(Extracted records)
Segment Open
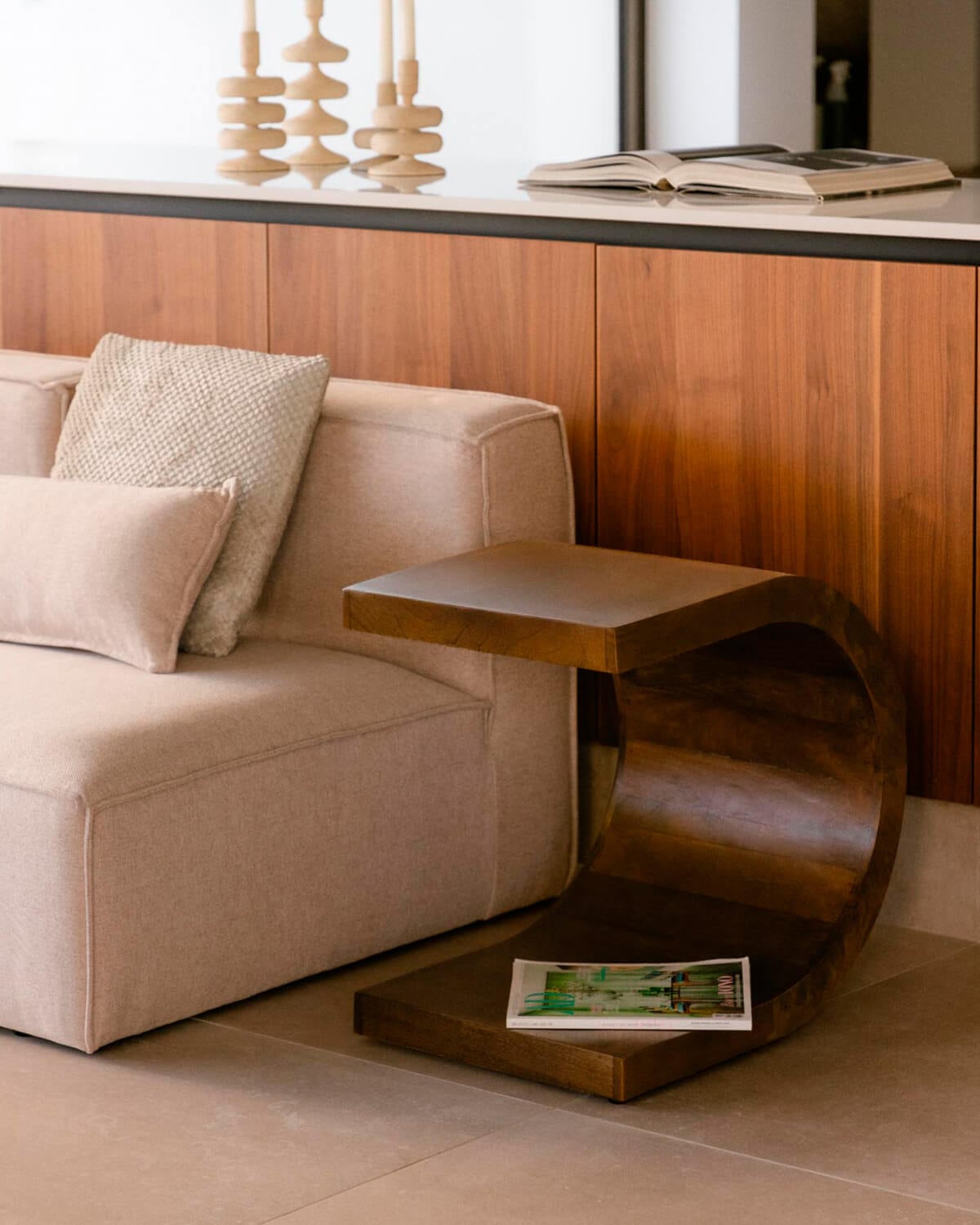 Adgar - Mesa Auxiliar de Madera de Mango (56x40 cm) Adgar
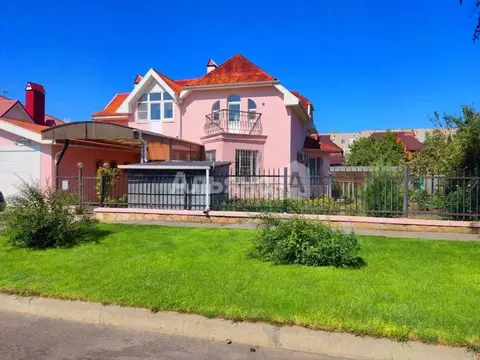 Дом в Ростовская область, Волгодонск Солнечная ул. (227 м)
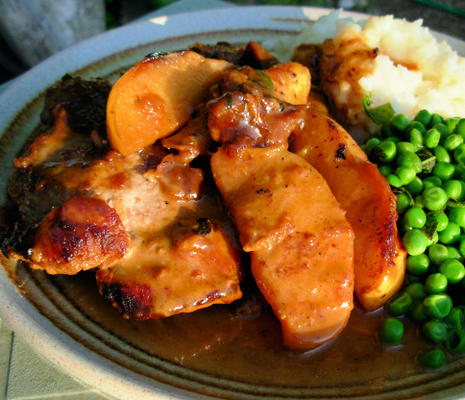 Côtelettes de porc poêlées avec pommes glacées, cidre et sauce à la crème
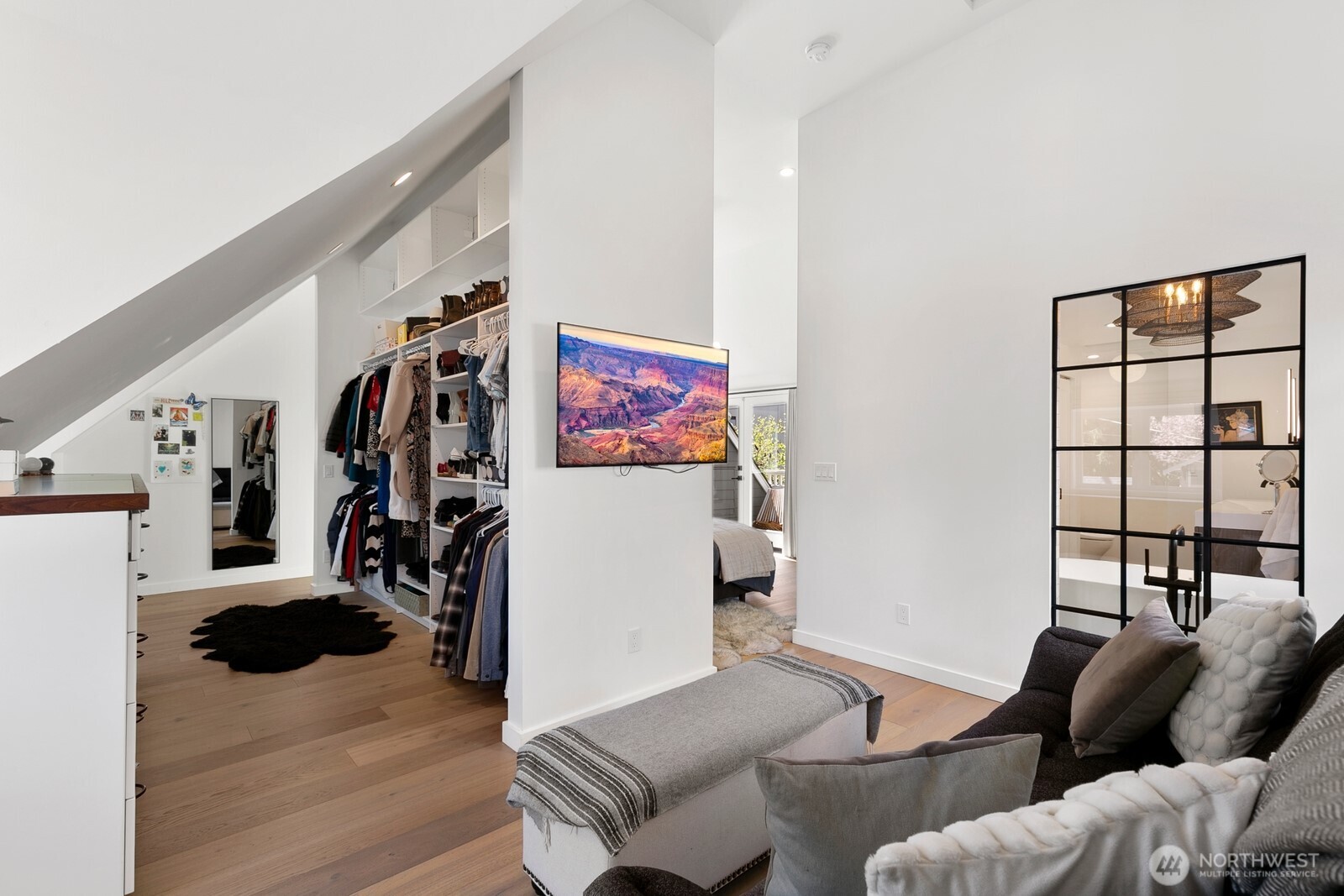 5932 California Avenue SW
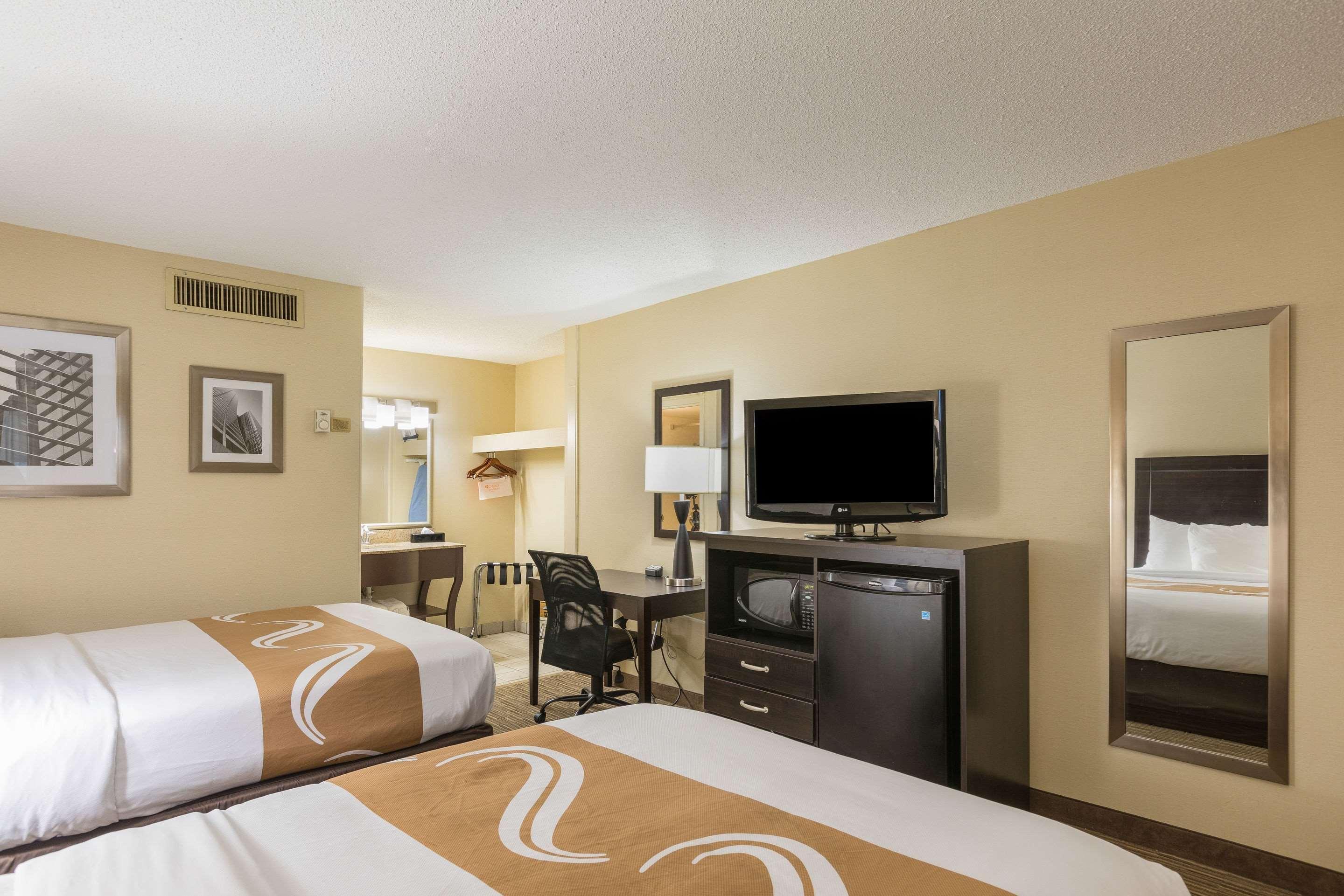 Quality Inn University Lansing Buitenkant foto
Segment Closed
■ Instructions to follow: Retype the line containing "5932 California Avenue SW" and each line after it through the last line of the entries above, exactly, with no pictures and nothing else.

■ Output for this exercise:
 5932 California Avenue SW
 Quality Inn University Lansing Buitenkant foto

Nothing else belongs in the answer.